Then it hit me... a possible reasoning behind it! Management statistics! It's like the Facebook "like" button. It provides 100% positive feedback to present to your shareholders! Just think about it for a second:
Google introduced G+ and it was "meh". Statistics look not so good becuase there's no percentage involved. Nothing to compare the data against. Google then made it mandatory to enter your real name in the G+ profile or your profile would be suspended. I bet the report read about like this: "100% of all the people using G+ have no problem sharing their RL name!"... completely ignoring the suspended profiles of course because hey: those aren't using G+ anymore, right?

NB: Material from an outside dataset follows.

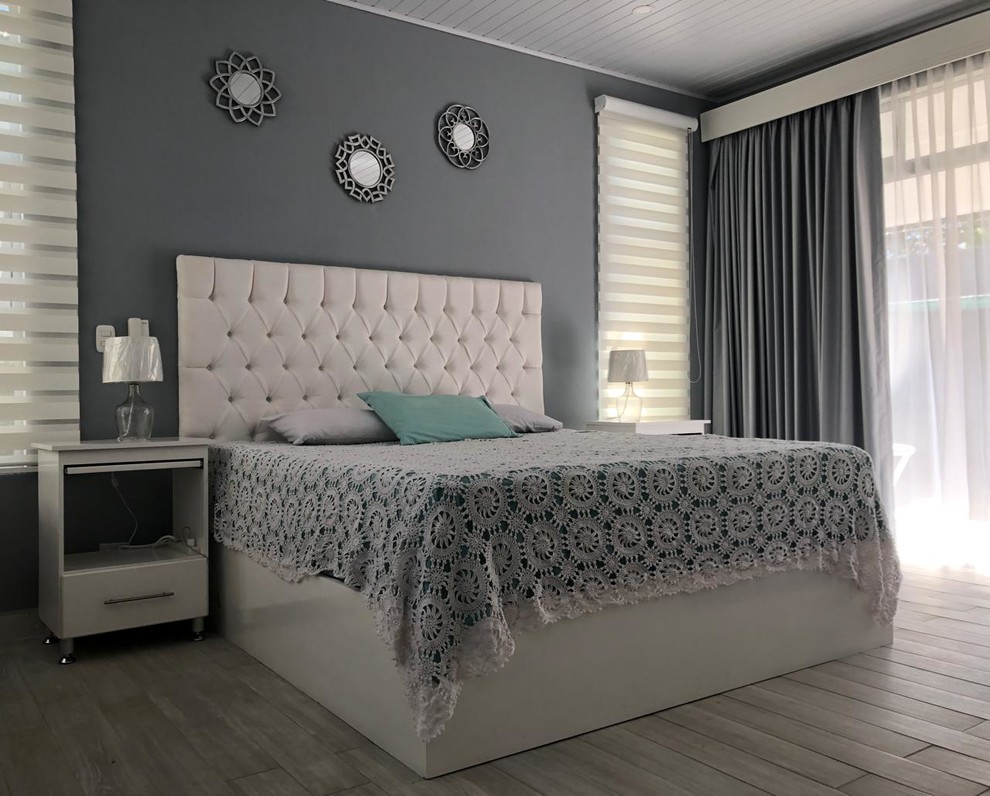 This is an example of a small contemporary master bedroom in Other with grey walls, porcelain flooring and grey floors.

And it continues: Mandatory G+ account for YouTube comments? "100% of the commenters on YouTube like to use G+ to comment!"... DUH!
This is why I hate statistics. It's the only branch of science that truly does devils work (or whatever your anti-good diety may be called ;) )

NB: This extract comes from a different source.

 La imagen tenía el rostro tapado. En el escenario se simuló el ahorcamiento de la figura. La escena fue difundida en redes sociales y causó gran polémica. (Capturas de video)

I'd like to see statistics about how many people would rather NOT use G+ for any or all of these features... I bet the percentage would be interesting but it is hard to gather that data and sometimes it's outright impossible because of the way things are set up. Remember the "like" button analogy? Well there you only have a "like" button... say "100 people liked this"... it's useless... 100 out of how many? How many people hated it? How many actually bothered to read it? And here business decisions are made based on that crap - decisions that sooner or later involve everyone of us.